*TASK TO COMPLETE*:
Single out the lines of the material that contain "white" and copy them.

━━━━━ WORKING DATA ━━━━━

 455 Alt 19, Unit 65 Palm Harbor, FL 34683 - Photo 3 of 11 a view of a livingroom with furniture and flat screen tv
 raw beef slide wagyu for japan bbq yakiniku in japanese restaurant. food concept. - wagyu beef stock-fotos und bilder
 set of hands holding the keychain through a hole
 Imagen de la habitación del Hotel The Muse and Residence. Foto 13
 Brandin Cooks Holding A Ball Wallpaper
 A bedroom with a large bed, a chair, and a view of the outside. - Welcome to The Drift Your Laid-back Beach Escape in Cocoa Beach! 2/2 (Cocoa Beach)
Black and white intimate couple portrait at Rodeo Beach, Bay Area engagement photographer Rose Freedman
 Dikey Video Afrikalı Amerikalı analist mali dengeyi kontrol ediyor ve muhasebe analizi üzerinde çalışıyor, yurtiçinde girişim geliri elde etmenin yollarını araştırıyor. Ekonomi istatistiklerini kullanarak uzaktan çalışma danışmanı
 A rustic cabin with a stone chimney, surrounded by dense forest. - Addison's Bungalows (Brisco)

━━━━━
━━━━━ WORKING DATA ━━━━━

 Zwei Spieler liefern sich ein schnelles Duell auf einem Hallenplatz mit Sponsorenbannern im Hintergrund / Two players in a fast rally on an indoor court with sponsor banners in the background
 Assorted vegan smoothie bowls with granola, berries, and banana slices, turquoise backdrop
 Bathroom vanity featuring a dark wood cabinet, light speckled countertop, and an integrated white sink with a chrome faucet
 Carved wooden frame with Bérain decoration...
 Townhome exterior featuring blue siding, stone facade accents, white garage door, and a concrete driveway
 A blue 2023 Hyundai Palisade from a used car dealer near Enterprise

━━━━━
━━━━━ WORKING DATA ━━━━━

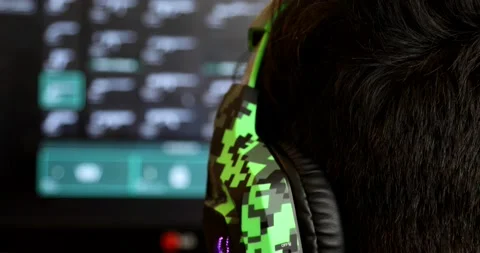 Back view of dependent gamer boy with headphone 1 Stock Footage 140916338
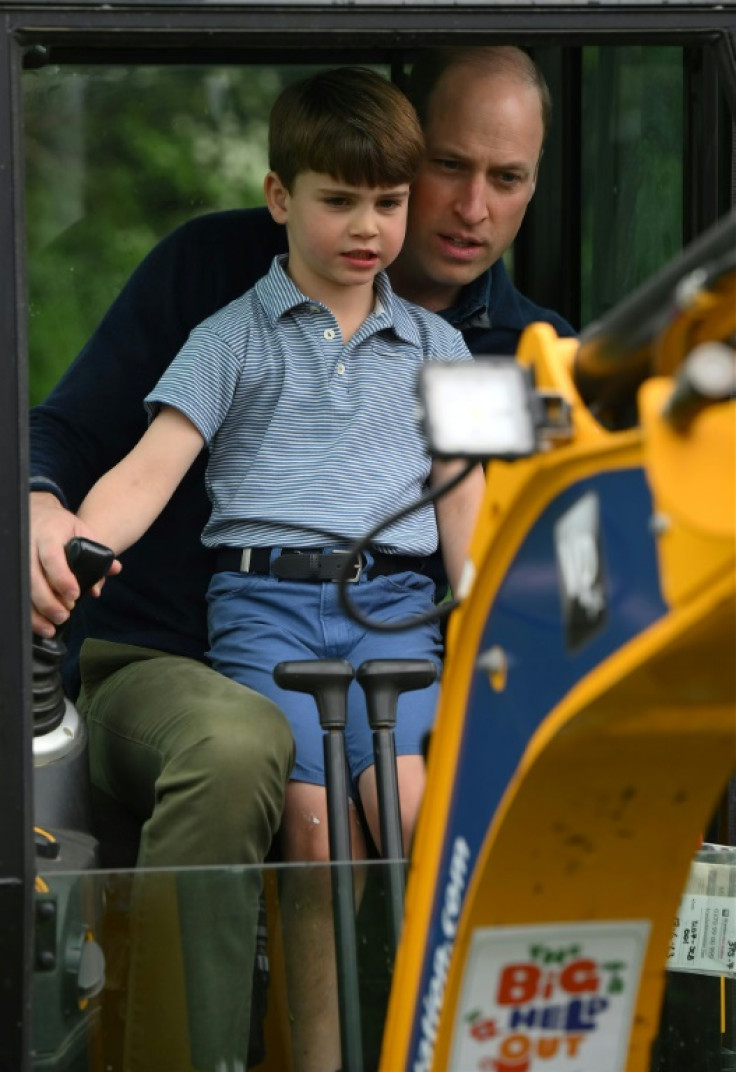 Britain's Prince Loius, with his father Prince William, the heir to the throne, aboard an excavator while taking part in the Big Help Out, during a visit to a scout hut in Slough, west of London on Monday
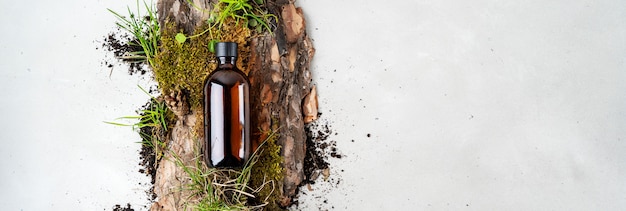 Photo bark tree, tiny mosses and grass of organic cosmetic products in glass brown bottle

━━━━━

*REPLY TO THE EXERCISE*:
Black and white intimate couple portrait at Rodeo Beach, Bay Area engagement photographer Rose Freedman
 Bathroom vanity featuring a dark wood cabinet, light speckled countertop, and an integrated white sink with a chrome faucet
 Townhome exterior featuring blue siding, stone facade accents, white garage door, and a concrete driveway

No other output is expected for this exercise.